INSTRUCTIONS TO FOLLOW:
In the listing that follows, the range to quote begins at the line that has "蜜蜡银S925镶嵌戒指戒指" and ends after the line that has "21, WATERSEDGE CLOSE, CHEADLE"; quote it verbatim and add nothing.

PROVIDED MATERIAL:
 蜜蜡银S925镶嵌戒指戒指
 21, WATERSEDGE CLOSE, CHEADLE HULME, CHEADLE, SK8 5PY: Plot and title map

* * *

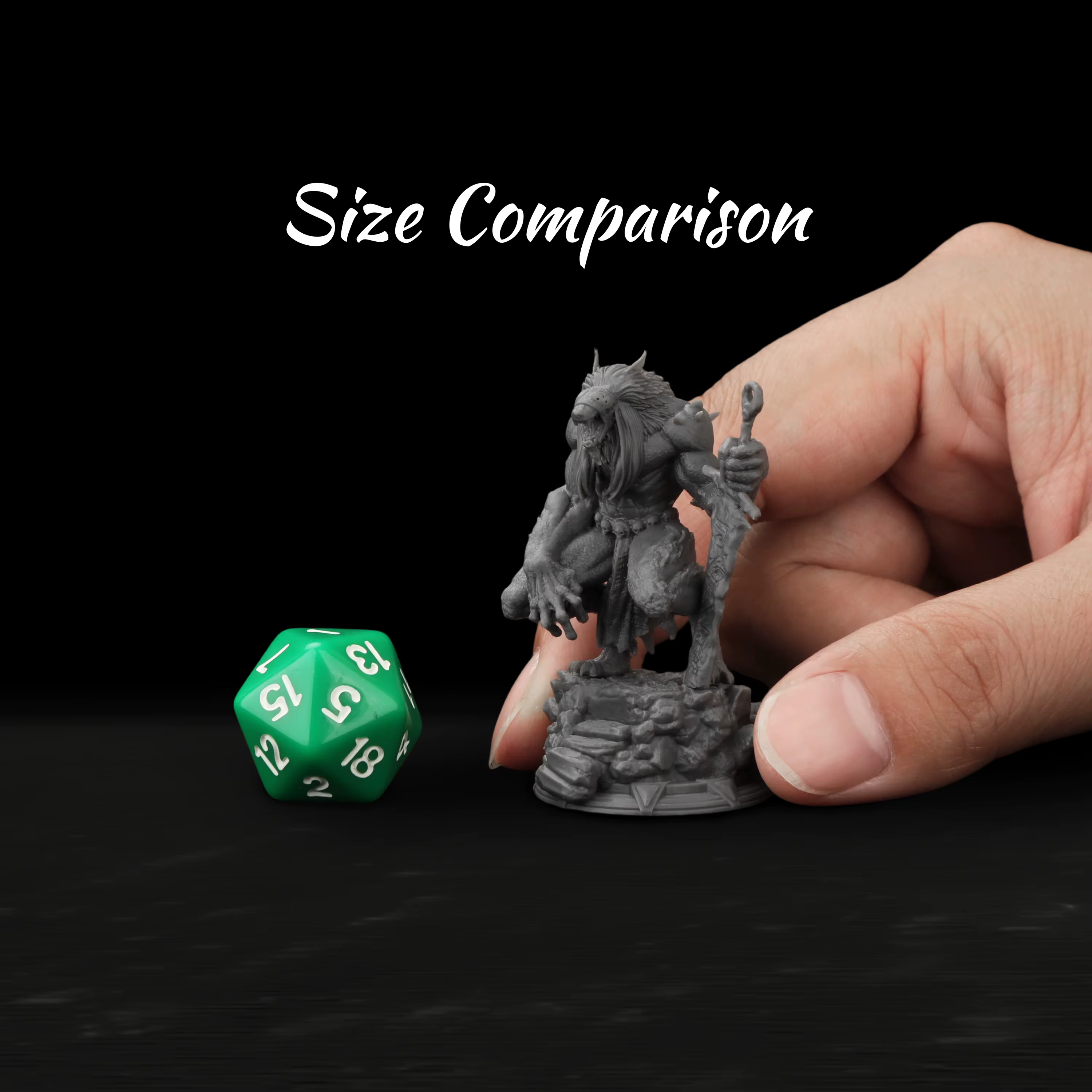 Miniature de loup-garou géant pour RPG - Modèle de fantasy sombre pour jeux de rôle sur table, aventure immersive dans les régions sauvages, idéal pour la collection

...

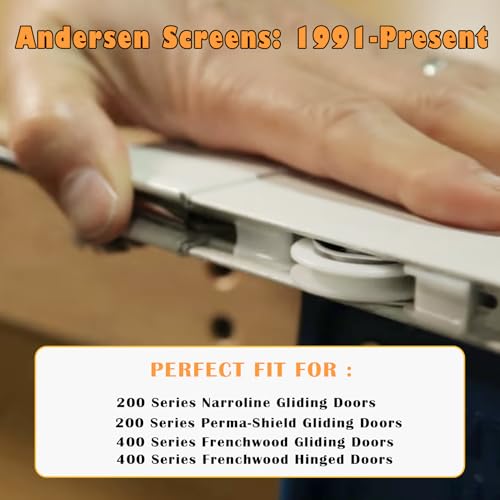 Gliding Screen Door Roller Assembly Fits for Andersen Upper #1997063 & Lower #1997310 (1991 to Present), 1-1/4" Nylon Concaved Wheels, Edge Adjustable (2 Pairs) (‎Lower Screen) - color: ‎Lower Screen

YOUR RESPONSE:
 蜜蜡银S925镶嵌戒指戒指
 21, WATERSEDGE CLOSE, CHEADLE HULME, CHEADLE, SK8 5PY: Plot and title map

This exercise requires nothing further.